- [YOUR GOAL] Down to the last line, transcribe the records verbatim and exclude the images.

-- Opening Marker --

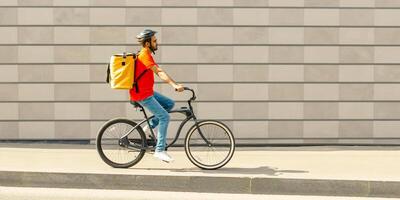 Deliveryman on bicycle. Young guy with beard and big backpack rides along path in city on gray brick wall background, side view, free space photo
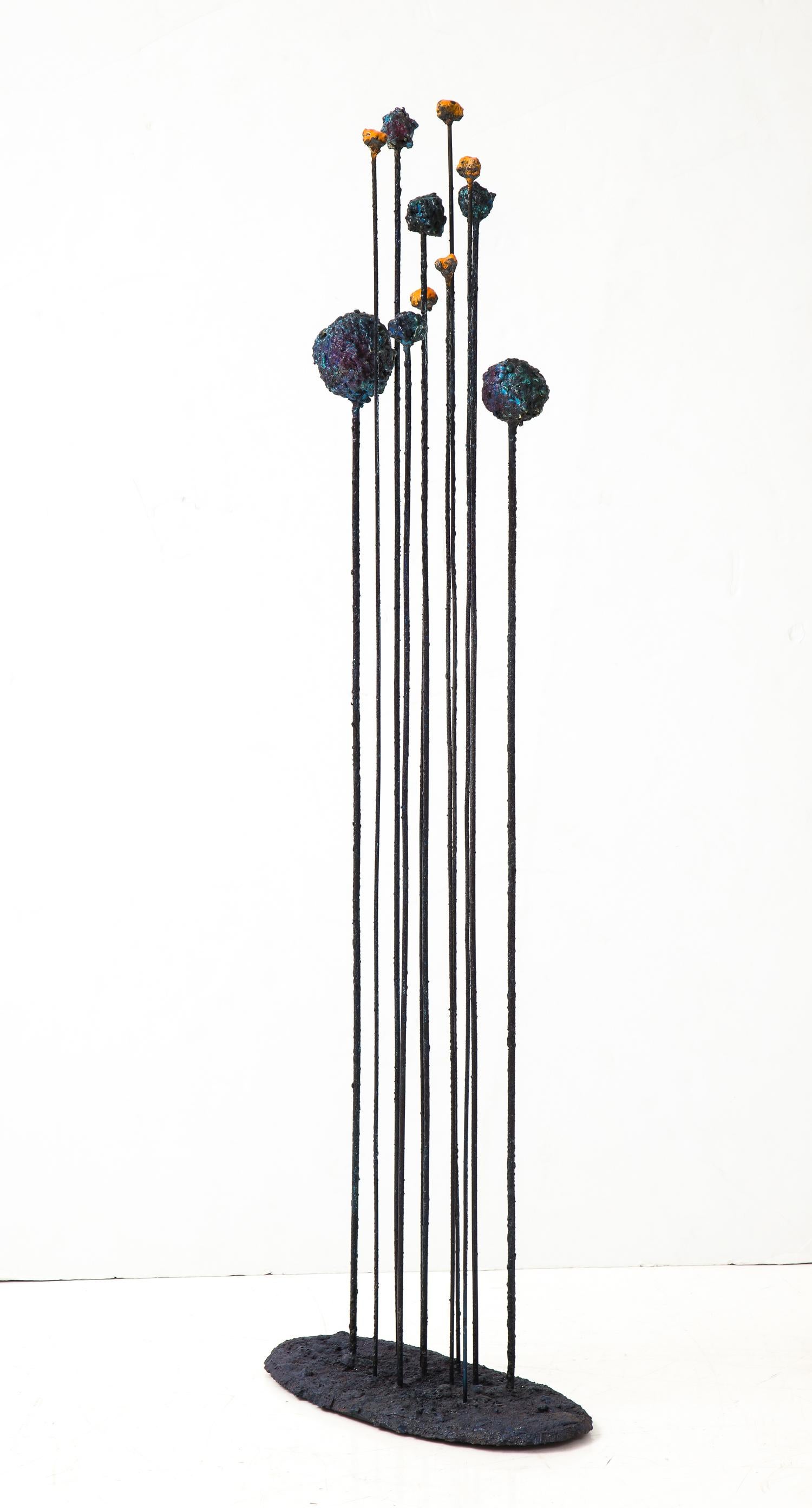 Sonic sculpture of torch-cut steel fused with glass enamel titled “Meteor Storm” by American artist James Bearden. The array of iridescent, molten-looking celestial shapes surmounting slender rods has the aspect of a cosmic event; set in motion with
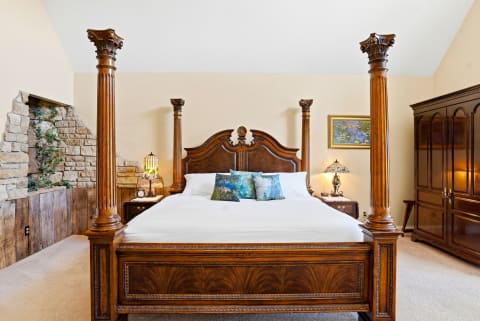 Sink into the plush comfort of your grand four-poster bed, where ornate columns and rich woodwork create a regal retreat after a day of adventure.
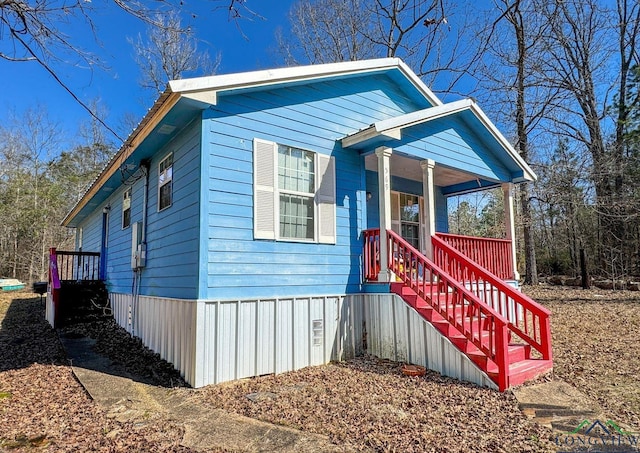 view of front of property with covered porch and stairway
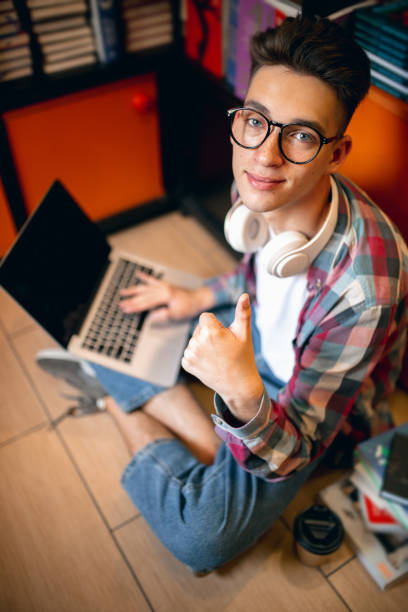 Studying, doing homework. One young caucasian man, student in glasses sitting at floor with laptop at home or library background. Education, studying and student life concept.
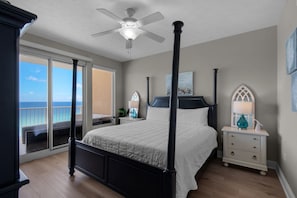 A four-poster bed with a view of the ocean through a sliding glass door.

-- Closing Marker --

- [COMPLETED TASK]
 Deliveryman on bicycle. Young guy with beard and big backpack rides along path in city on gray brick wall background, side view, free space photo
 Sonic sculpture of torch-cut steel fused with glass enamel titled “Meteor Storm” by American artist James Bearden. The array of iridescent, molten-looking celestial shapes surmounting slender rods has the aspect of a cosmic event; set in motion with
 Sink into the plush comfort of your grand four-poster bed, where ornate columns and rich woodwork create a regal retreat after a day of adventure.
 view of front of property with covered porch and stairway
 Studying, doing homework. One young caucasian man, student in glasses sitting at floor with laptop at home or library background. Education, studying and student life concept.
 A four-poster bed with a view of the ocean through a sliding glass door.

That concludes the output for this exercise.